Sacred holidays encourage observers to consider their blessings for the past year (as opposed to New Year’s Eve, which is all about resolutions for the one ahead). They also challenge us to contemplate death; to be grateful that Mr. Grim again missed our doorstep, but consider those obligations to which we aspire should our luck run out before the next celebration.
This is not a morose exercise. Quite the contrary, it’s a provocation to leap forward by looking back, to get our houses in order and ambitions pursued.
Why did I matter?
How will I be remembered?
Whom had I served?
Was the past year helpful in answering these questions? Most importantly, dear reader, when you sit at this same table of celebration next year (should Mr. Grim again miss your door) will you be closer to answering these questions?

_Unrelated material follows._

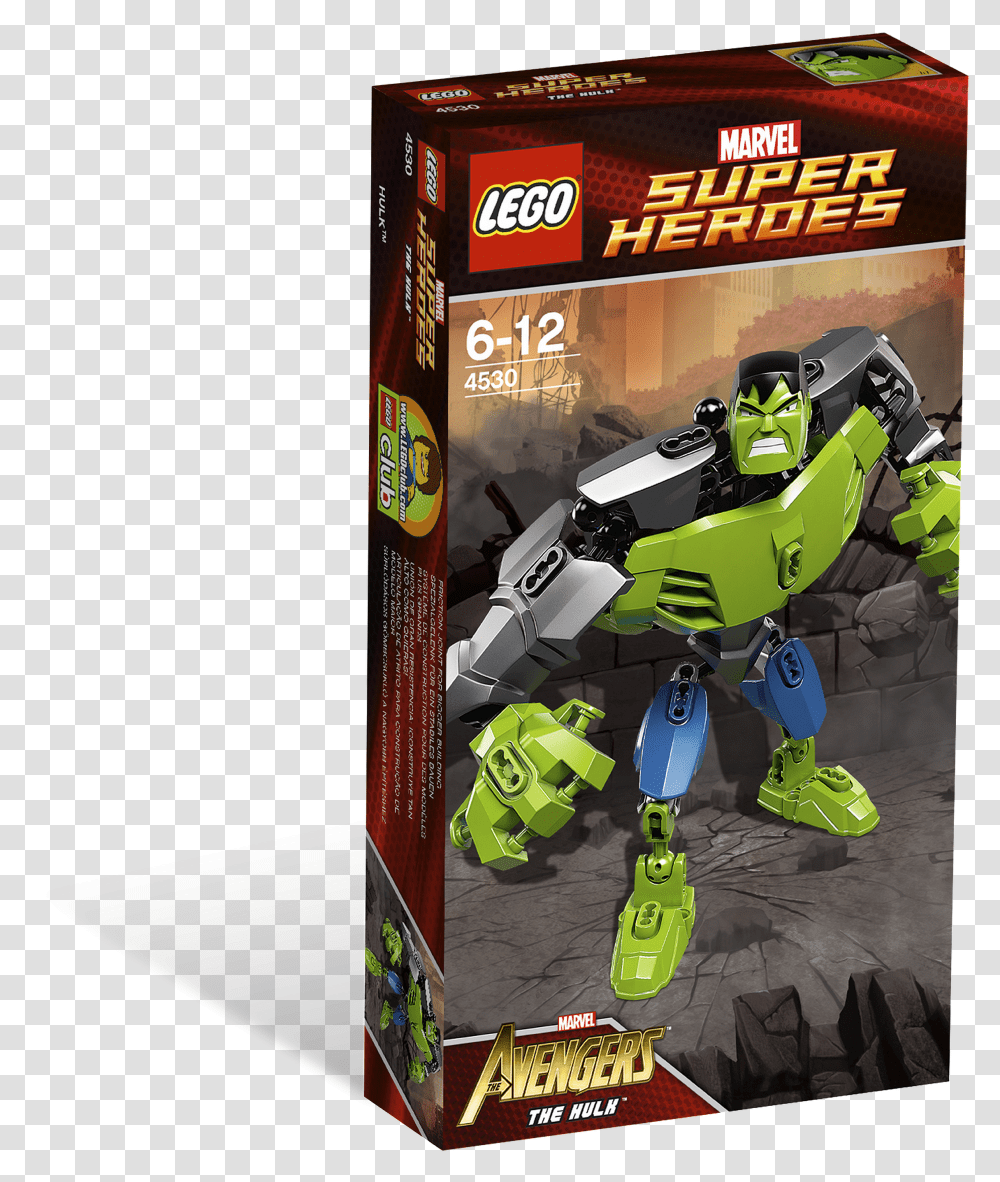 Hulk Avengers Lego Hulk Transparent Png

I have a fascination with this theme and written more than a few Postcards about the merits of embracing our mortality – okay, perhaps accepting is a more comfortable word – and doing something about it, … now. With sunny titles like The Dead and the Dying and Prepare to Die I’m starting feel like Mr. Grim myself. But Rosh Hoshanah, starting today, offers another kitchen tradition for us all - from Jews to heretics like myself - to gather at the table, share in our good fortunes, and imagine what we’ll talk about at the next annual gathering.

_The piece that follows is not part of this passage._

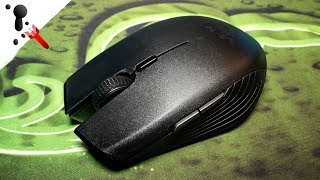 Razer Atheris Review Wireless and Bluetooth Gaming Mouse [upl. by Clarette]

On a more reverent note, today also marks the 1 year anniversary of the death of Mahsa Amini, brutally murdered by the morality police in Tehran for the sin of not having her hair properly covered in public. She was a country girl with big dreams. College and law school and who knows what more. She had just stepped off the bus that sunny morning in Tehran. I imagine her small-town wonder at this big bustling city and all of its possibilities, the cafes and bazaars and city sounds and people, … the buzz and energy. This was taken from her, and her gift was taken from us.
We cannot forget Mahsa, or Jina as she was known to her Kurdish family. We must keep that candle burning bright as a torch, not only to her but all the women in this world suffering from the oppression of righteous men who know just how to keep them in their goddam place.
Like most of us I was deeply shaken by this unjust tragedy, and I wrote a song for Mahsa the next day called Little Bird (click here to listen).
Little bird with the broken wing, fly fly away.